What Does it Mean to be "Removed"?
Being a confessed novice in the field of genealogical studies demanded some effort in understanding the terms often used in such studies. Perhaps you have heard some refer to a relative, especially one to whom they are more remotely related, as being a second or third cousin twice removed. If you are like me, you also wondered what that phrase meant.
Rhonda R. McClure, a genealogist working with Biography Magazine clarifies the double aspect of what was once a rather ambiguous declaration("All For You," November 2002, 10). The number associated with the "cousin" (i.e. first or second cousins) describes the number of generations two contemporary cousins must count backwards before they can identify common grandparents.
First cousins share the same grandparents.The "removed" quotient applies to cousins from different generations and is derived by counting the number of generations separating them (one may share a common grandparent while the other shares a common great-great grandparent).

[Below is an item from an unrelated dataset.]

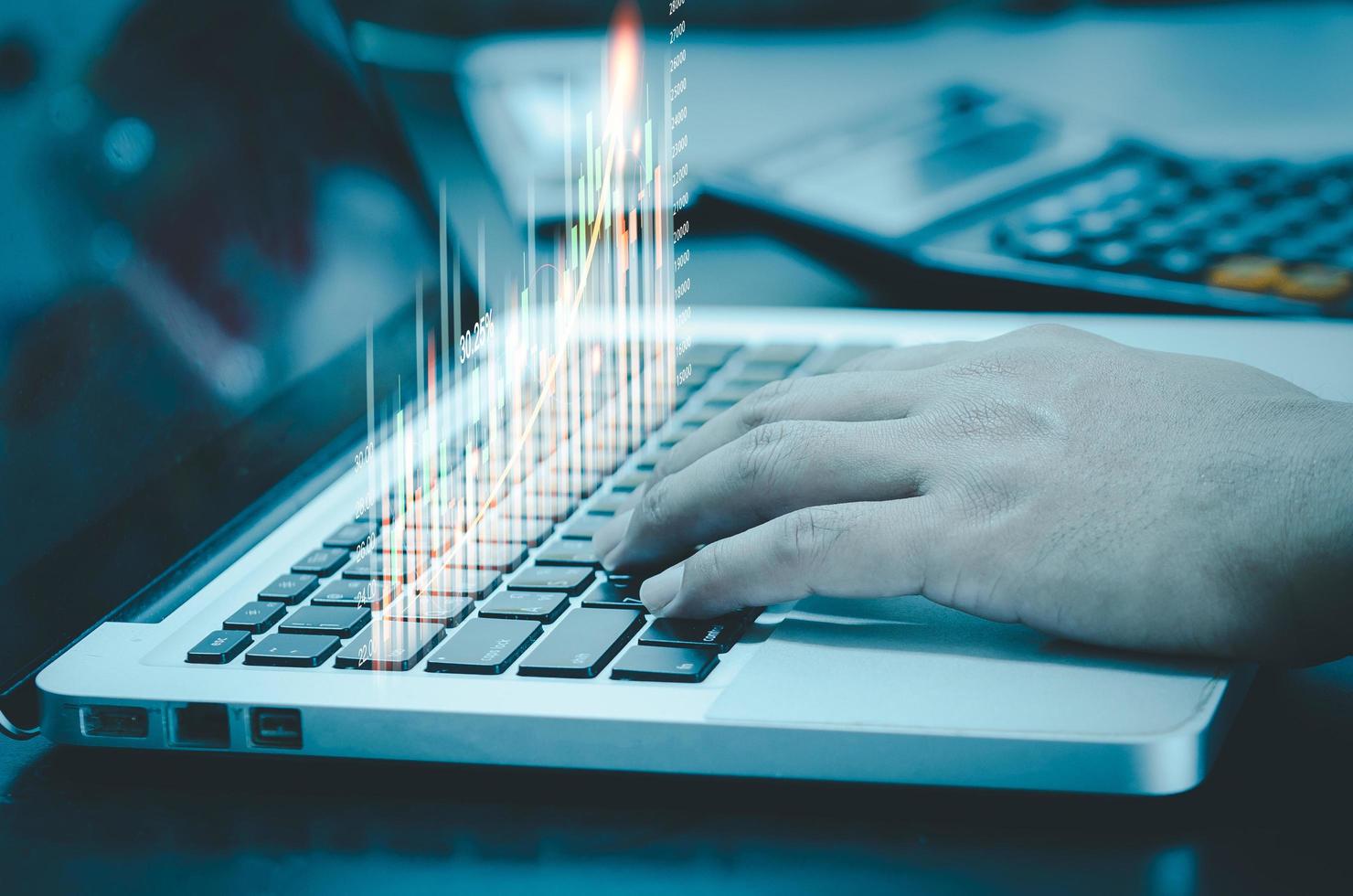 Businessman typing computer laptop and showing graph and char virtual hologram of statistics. Stock market exchange trading graph analysis investment. Business growth, planing and strategy concept. photo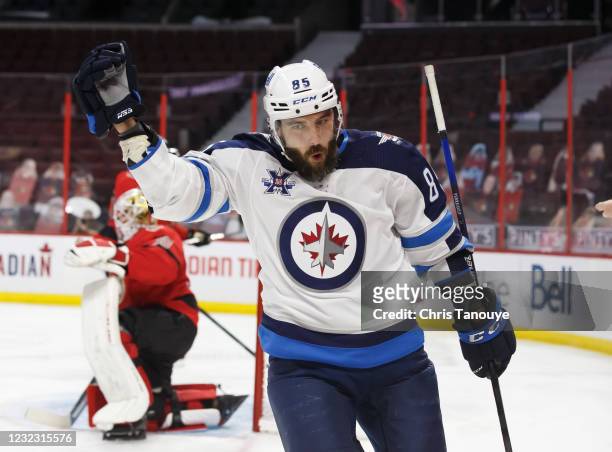 Mathieu Perreault of the Winnipeg Jets celebrates his third-period goal against the Ottawa Senators at Canadian Tire Centre on April 14, 2021 in...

Second cousins share the same great-grandparents, etc.
For each additional "great" added to the "grandparents" the initial number increases as well.

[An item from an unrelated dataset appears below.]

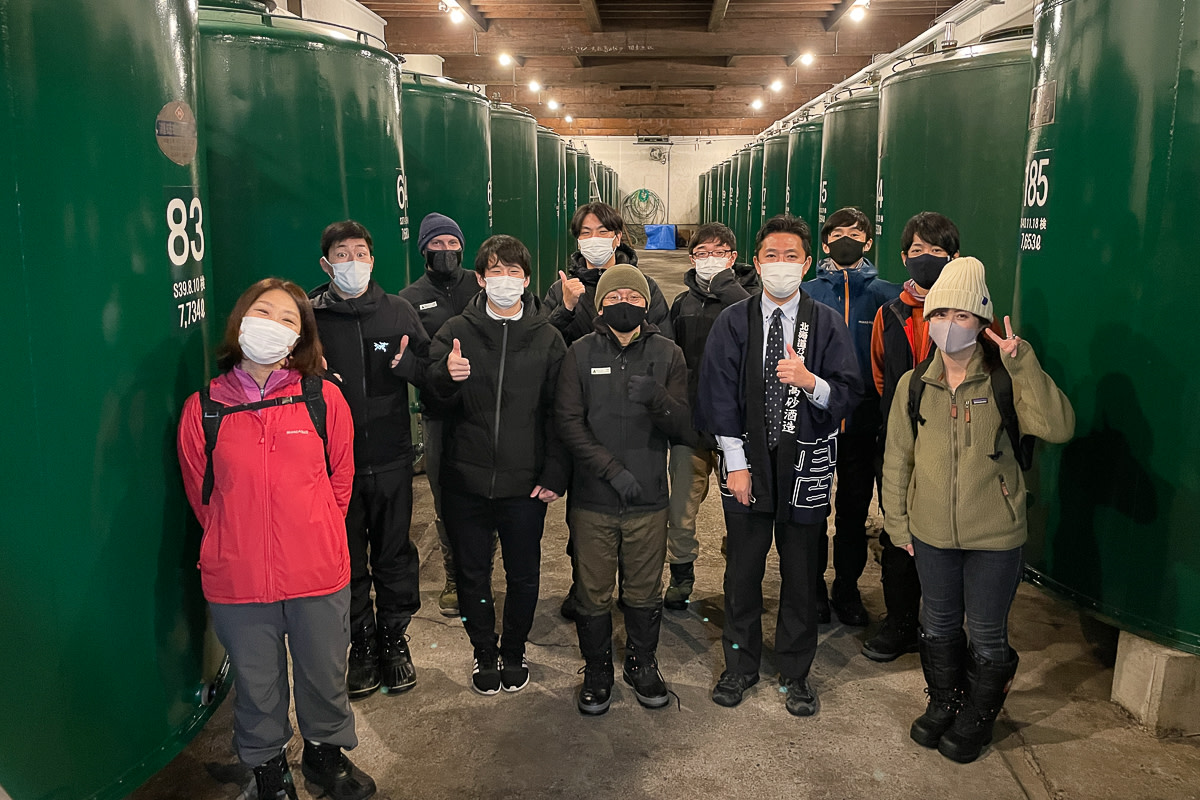 Group photo amongst gallons of sake rice wine.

These two concepts can be illustrated by establishing the relationship between our branch of the Bragg family and the celebrated General Braxton T. Bragg (unfortunately, we can't do the same with General Edward S. Bragg only because of incomplete records, despite the fact that his relatives recognized that the two generals were related to each other).

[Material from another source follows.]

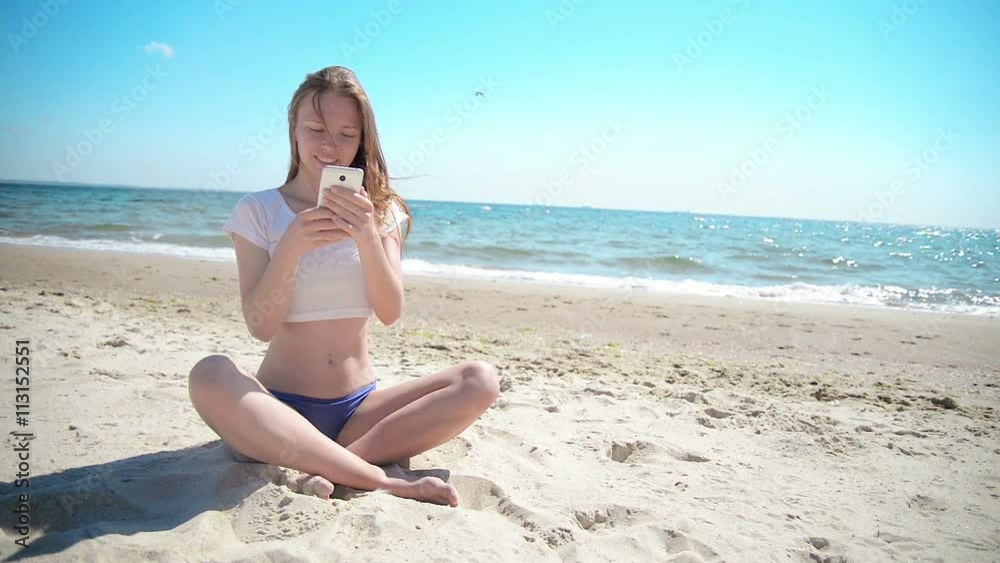 Girl with mobile phone sitting on sand near sea and blue sky. First love. Girl with mobile phone sitting on sand near sea and blue sky. First love.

The two charts below demonstrate these concepts. The top chart shows that, from the contemporary cousins (William and Braxton), we must go back two generations to find first cousins (Joseph B.  being the Great-Great-Grandfather of both men, Joseph  and John  where half-brothers [same father, different mothers], Richard  and John  were first cousins) making William and Braxton third cousins.
To illustrate the "removed" principle, the lower chart shows the forward progression of these two families. Since we were born in the twelfth generation and William and Braxton (he had no sons to carry on the family name) were born in the eighth, there are four generations between us. Our great-great-grandfather William and Braxton were third cousins. Therefore Braxton T. Bragg is our third cousin (based on William's relationship to Braxton) four times removed (based on our relationship to William, i.e. the number of generations seperating us from the two contemporary cousins: William and Braxton).